Carl's lifetime (and much beloved) ministry was in the physics classroom at Santa Clara University beginning in 1955. He taught full time for more than 50 years, retiring in 2006 when partial hearing loss made classroom teaching more difficult. Devotedly and enthusiastically, however, he continued his daily trips to the physics lab to tutor students and to spend time with his dear colleagues. Carl's regular pastoral ministry included daily 6:00 am Mass celebrated in the Mission Church and priestly service to the Carmelite Sisters of Santa Clara, a community of which he was very fond. After his retirement he generously made himself available to the Santa Clara Mission Cemetery for funeral and burial services. In 2012 he moved to Sacred Heart Jesuit Center to undertake the ministry of prayer.
Carl's twin sister, Sister Mary Carolyn Hayn, CSJ, predeceased him.
We shall miss Fr. Hayn as teacher, colleague, minister, and brother to the Jesuit community. Together we recall the great gift of his long and full life.
Elizabeth "Betty" Moran, professor emerita in English, died on June 23 after a long illness. She was 95 years old. Betty joined the English Department at Santa Clara in 1963 as one of three women faculty at the University. She retired in 1994 and thereafter received emerita status.

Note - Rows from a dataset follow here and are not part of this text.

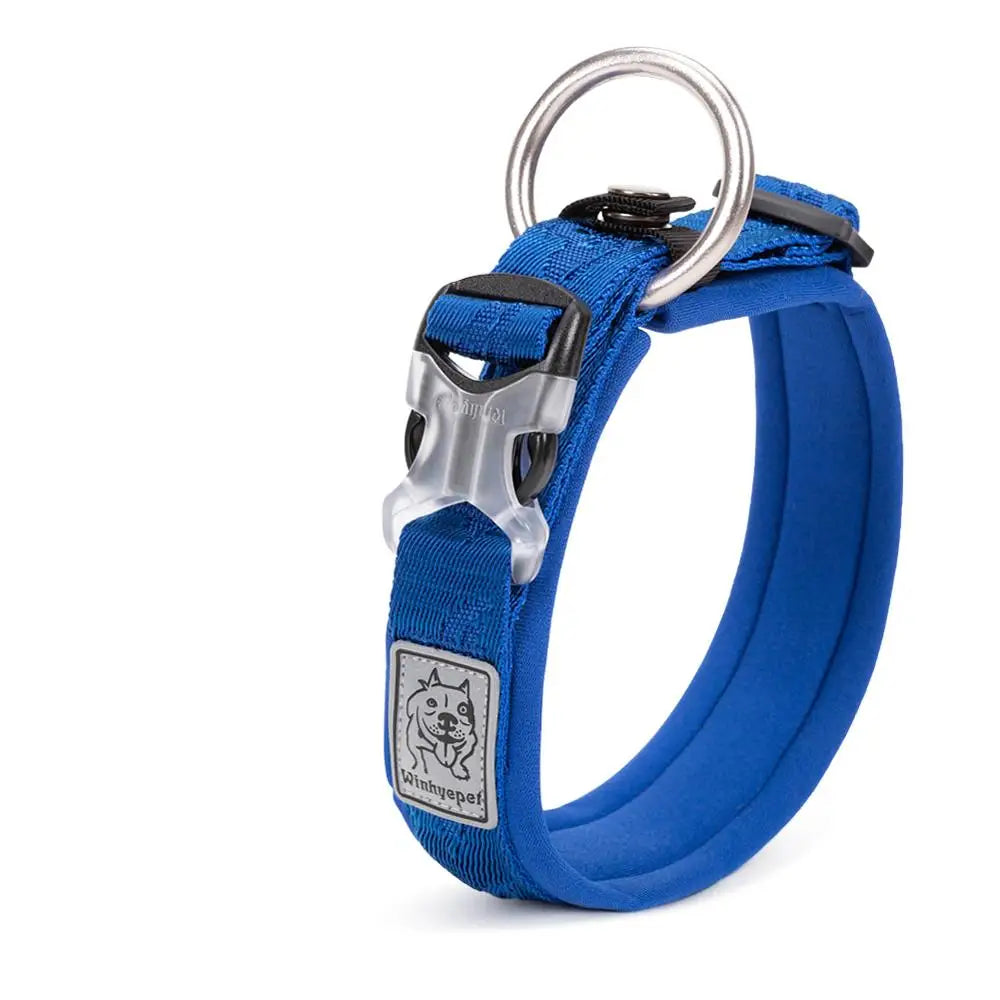 Collier rembourré réglable pour chien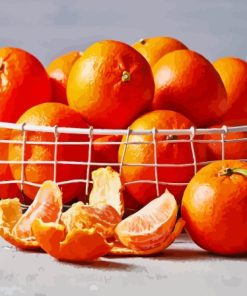 Citrus Orange Diamond Painting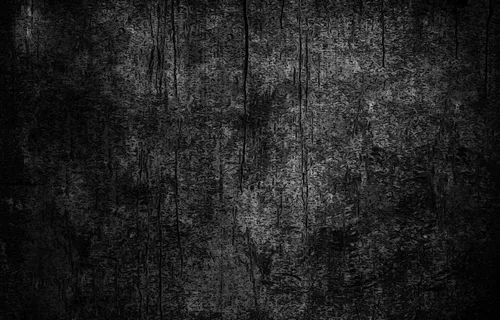 Черный Фон Картинка Картинки черно-белое фото деревьев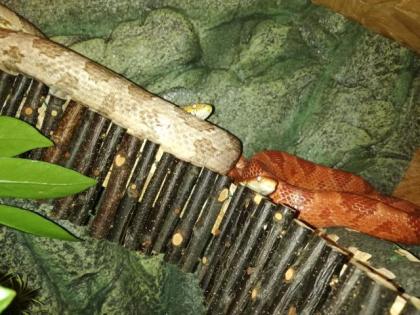 Bildschönes Kornnatternpaar mit Terrarium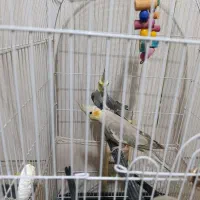 عروس هلندی|پرنده|پاکدشت, شهرک انقلاب|دیوار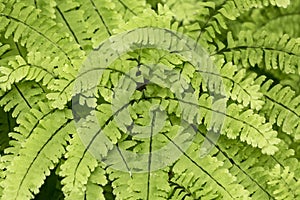 Maiden hair fern at The Fells in Newbury, New Hampshire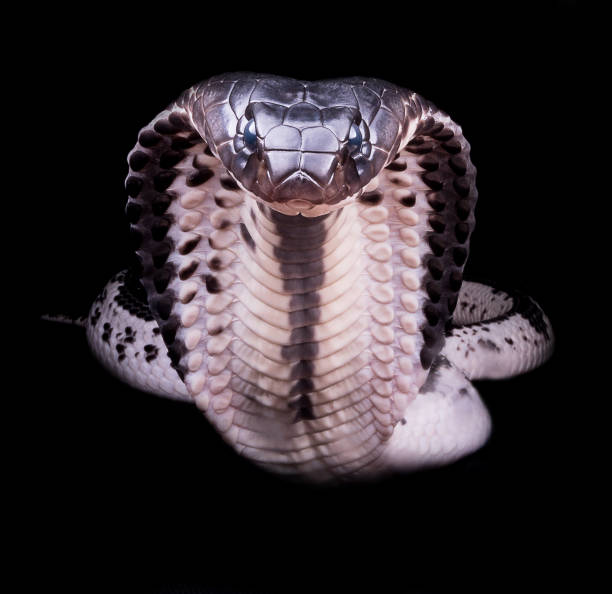 Naja siamensis This is a medium-sized cobra with a rather thin body compared to other cobras. The body color of this species is variable from grey to brown to black, with white spots or stripes. siamensis stock pictures, royalty-free photos & images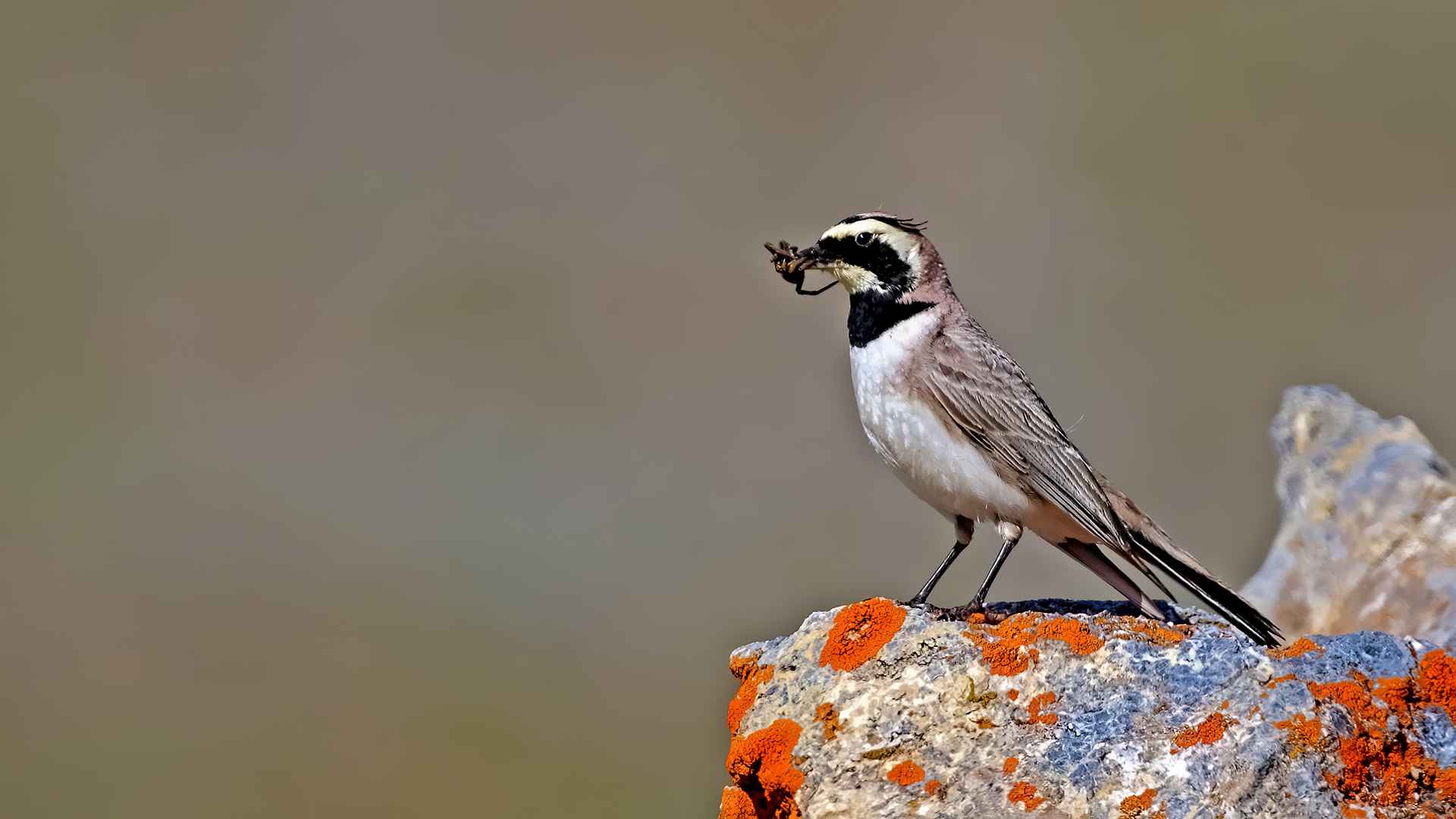 Horned Lark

Betty was a woman of "firsts" and made her mark at Santa Clara as a teacher, scholar and administrator. She was the first woman to gain tenure in the College of Arts and Sciences; was the first woman elected president of the Faculty Senate; was the first woman to direct the Grants and Fellowships Office and the Faculty Development Program; served as the first woman chair of the Affirmative Action Committee; and founded and directed the Teaching and Learning Center. As a pioneer in African and African-American literature, Betty was the first at Santa Clara to teach a course in African literature. Her persistent work to establish a chapter of Phi Beta Kappa at Santa Clara paid off in 1977 when we became the first Catholic institution west of the Mississippi River to earn a chapter.
Friends of the University
Carmel Malley was a loyal and devoted fixture at each and every Bronco football game coached by her husband, longtime SCU coach and athletic director Pat Malley ’53, and son Terry Malley ’73 for 33 years. It’s no legend that she loved and knew each player by name and story. Following Pat’s death, Carmel began her own career, working in the Alumni Office, where she continued to win the hearts of all students. A San Francisco native since her birth in 1932, Carmel was active in philanthropy and exuded “style and class” until her death on Sept. 1. Among her numerous survivors are daughter Kim Bellotti ’79, son-in-law Jerry Bellotti ’75, nephew Jonathan Mallen ’94, and grandchildren Christina Malley ’08, Caitlin Bellotti ’10, and Jerome P. “J.P.” Bellotti ’12. Donations may be mailed to the Pat and Carmel Malley Athletic Scholarship Endowment c/o the Santa Clara Athletic Department.